Le responsabilità dell’internet

A 10 anni NON si dovrebbe avere accesso a internet, e per quanto la situazione sia praticamente l’opposto bisognerebbe ribadire sempre più che internet non è sempre un bel posto e può riservarti davvero delle brutte esperienze; ma perché piuttosto che considerare questa eventualità un’esperta, una che ha studiato il comportamento online e che queste cose le sa, devia su un elemento soltanto collaterale? Se un ragazzino stronzo si diverte a pigliare in giro una bambina (perché di questo si tratta) è perché è stronzo, non perché fa parte di una community online dedicata ad un anime. Guardare con tanta paura e stranezza ad atteggiamenti estremamente diffusi per la rete come se fossero spuntati oggi è non solo assurdo e un po’ ridicolo, dà anche un’idea negativa per quel che riguarda chi si definisce esperto e poi casca dal pero per questioni tanto elementari che chiunque sia stato almeno 2 anni su internet potrebbe spiegare.

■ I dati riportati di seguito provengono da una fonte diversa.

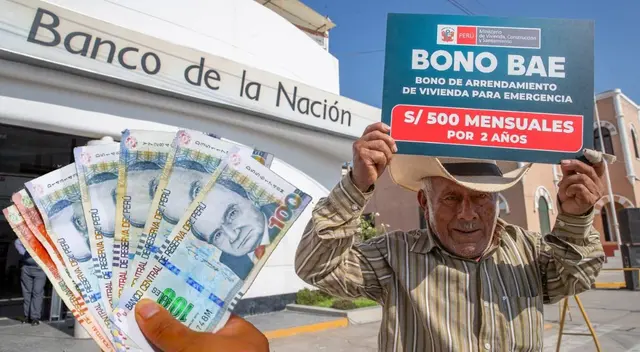 El Bono BAE se entrega a los peruanos afectados por desastres naturales por el MVCS. El Bono BAE se entrega a los peruanos afectados por desastres naturales por el MVCS.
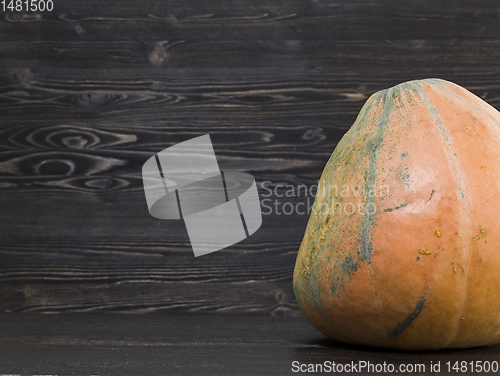 Image of ripe pumpkin on the kitchen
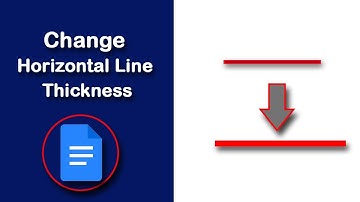 How to change horizontal line thickness in Google Docs
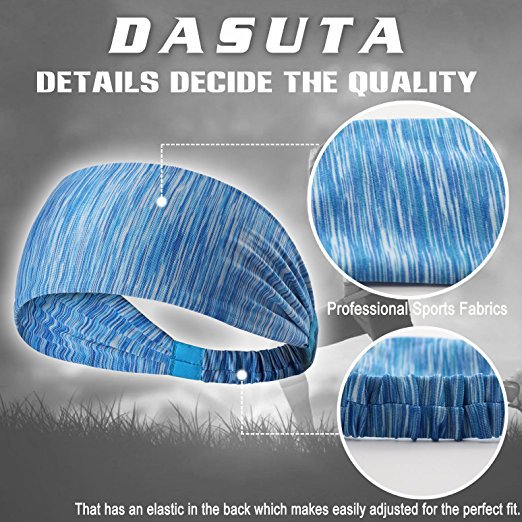 FDBRO Sport Sweatband Fitness Running Headband Gym Workout Yoga Anti-slip Elastic Hair Band Football Basketball Sports Safety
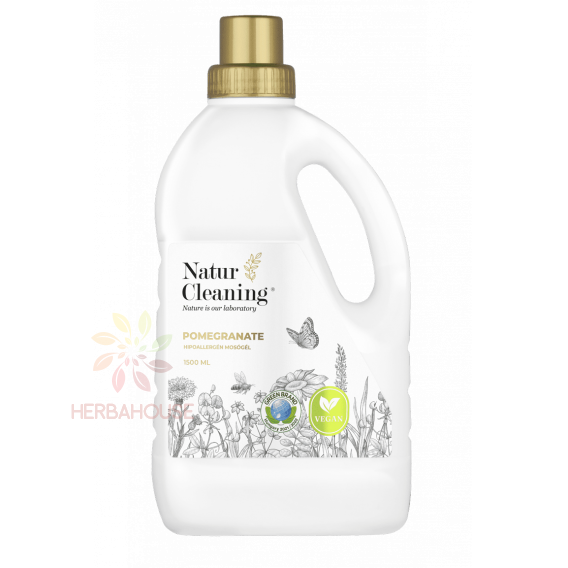 Obrázek pro Natur Cleaning Hypoalergenní prací gel s olejem granátového jablka (1500ml)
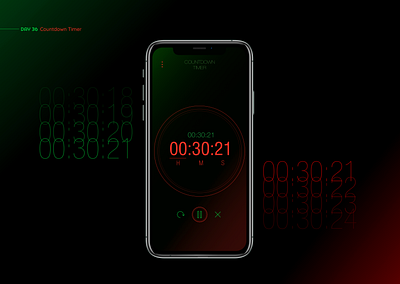 Countdown Timer App app app design app ui clean countdown countdown timer daily ui data design green inspiration interface mobile red timer ui ui design ux uxui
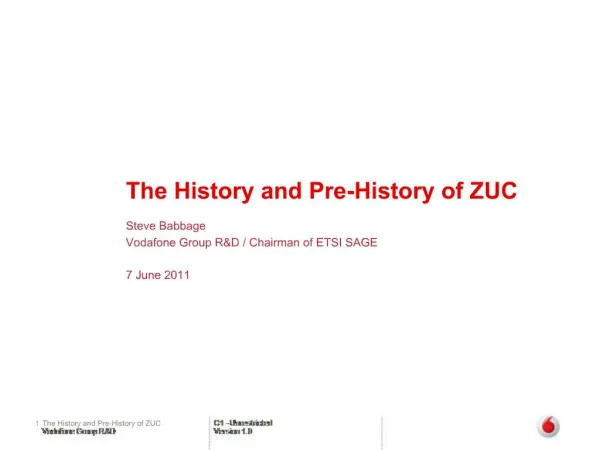 The History and Pre-History of ZUC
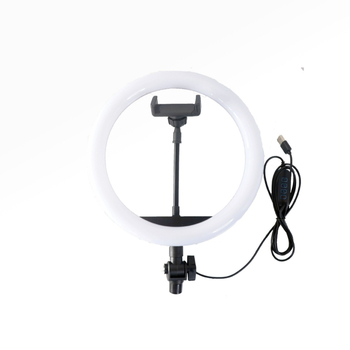 10-инчов светлинен комплект за телефон с настолен държач, LED лампа за снимки и стрийминг, USB захранване 5V, регулирана яркост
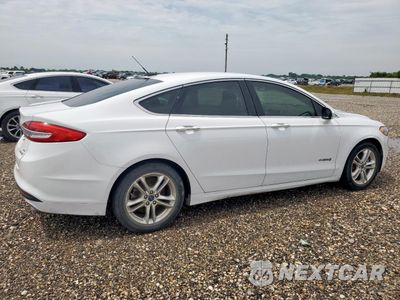 Trzecie zdjęcie samochodu z tyłu: 2018 FORD FUSION SE HYBRID VIN:3FA6P0LU6JR171752 - miniatura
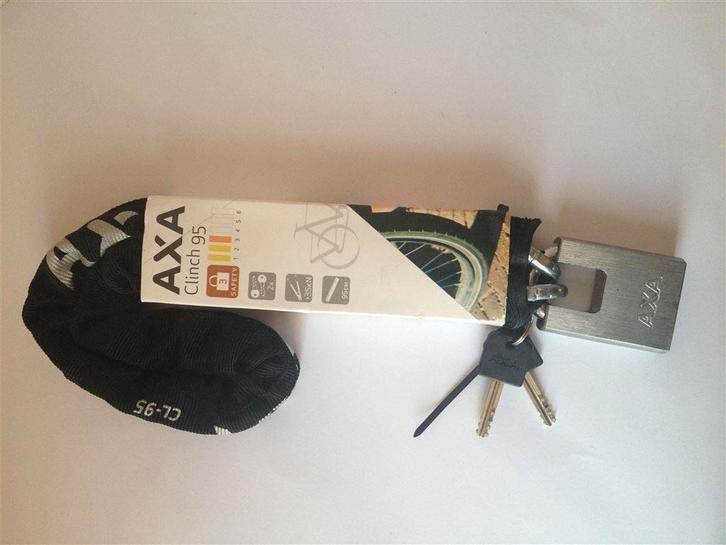 AXA Clinch 95 Kettingslot [NIEUW], Hobby en Vrije tijd, Overige Hobby en Vrije tijd, Nieuw, Ophalen of Verzenden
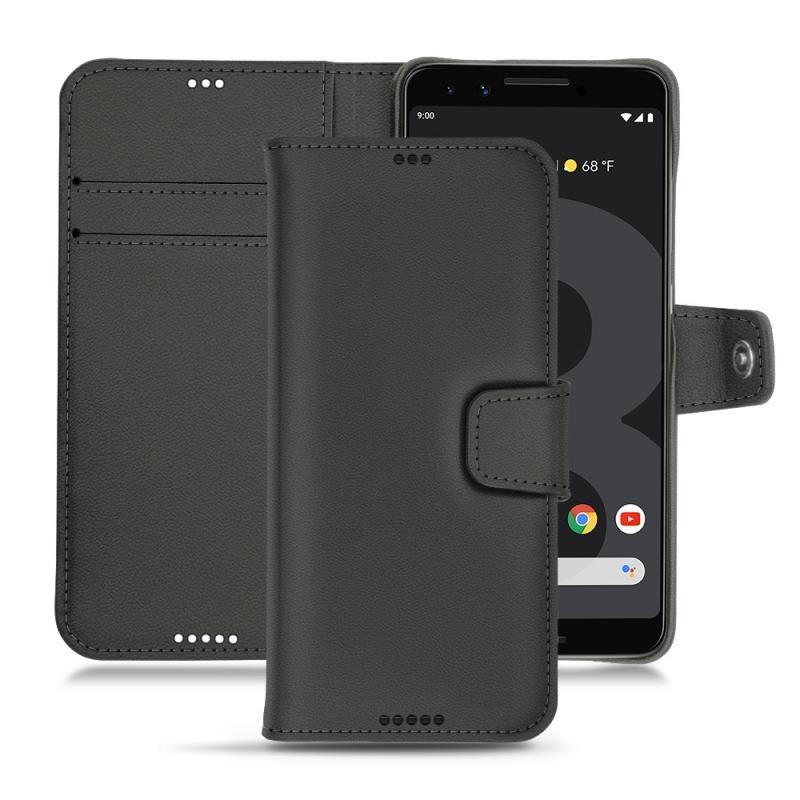 レザーケース  Google Pixel 3 XL - Noir PU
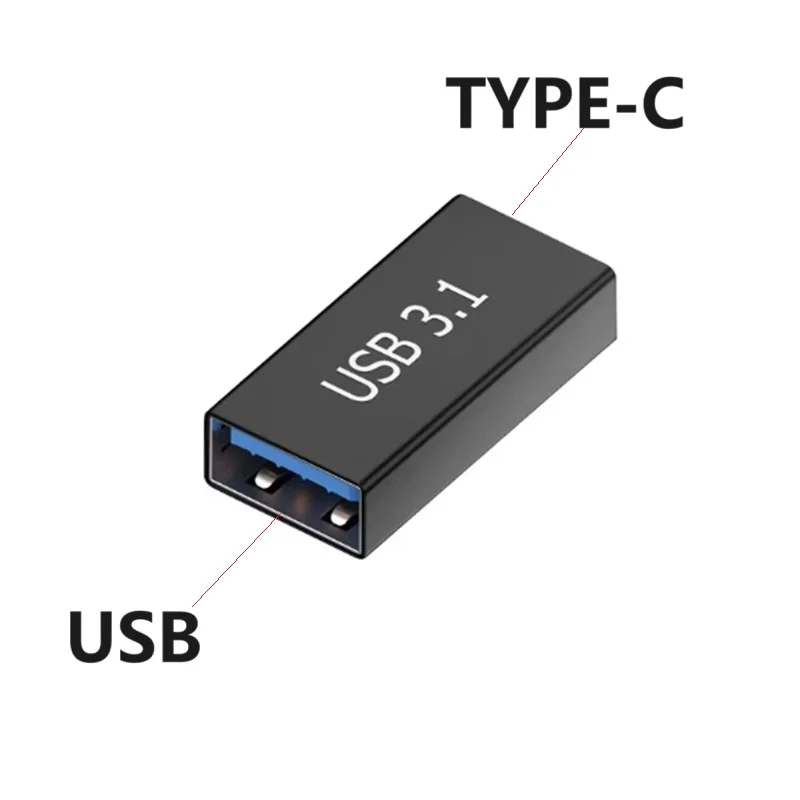 

10PCS 5PCS Type-c Female to USB 3.0 Female Plug Adapter Cable Charging Data Sync USB 3.1 Type C Connection Converter otg Coupler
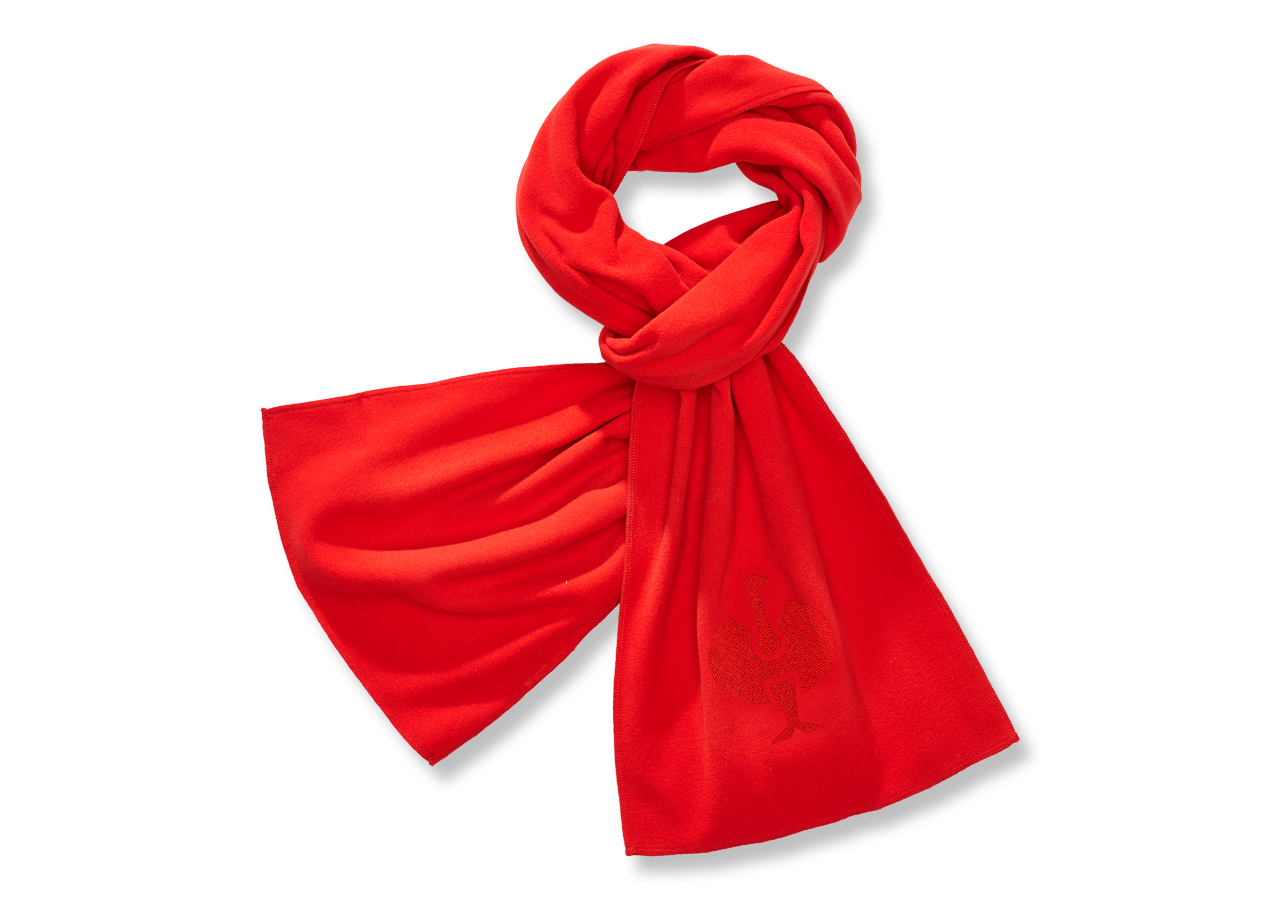Cold: e.s. FIBERTWIN® microfleece scarf + fiery red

È legittimo allarmare un intero stato con delle tesi fallaci? Ogni altro articolo che parla di questa faccenda, inglese o italiano, tira in mezzo una probabile chiusura nei confronti degli anime da parte del governo russo; è ben più grave sotto un certo punto di vista che ad una simile affermazione, come avete visto così facilmente confutabile, non segua una risposta ponderata da parte della stampa specializzata, perché di fatto (e purtroppo) siamo ancora ben lontani da una sua esistenza.
Nonostante tutto, almeno, da questa faccenda si può cogliere un bel lato positivo: gli anime stanno incontrando le prime opposizioni internazionali, e quando succede una tale mobilitazione dei media è perché il fenomeno sta raggiungendo dimensioni troppo grandi per continuare ad essere ignorato.
Per cui, l’unica cosa che rimane da fare a noi appassionati è discuterne (in maniera civile) e confutare (in maniera civilissima e quando sbagliate) le posizioni degli esperti che non si premurano prima di capire la materia.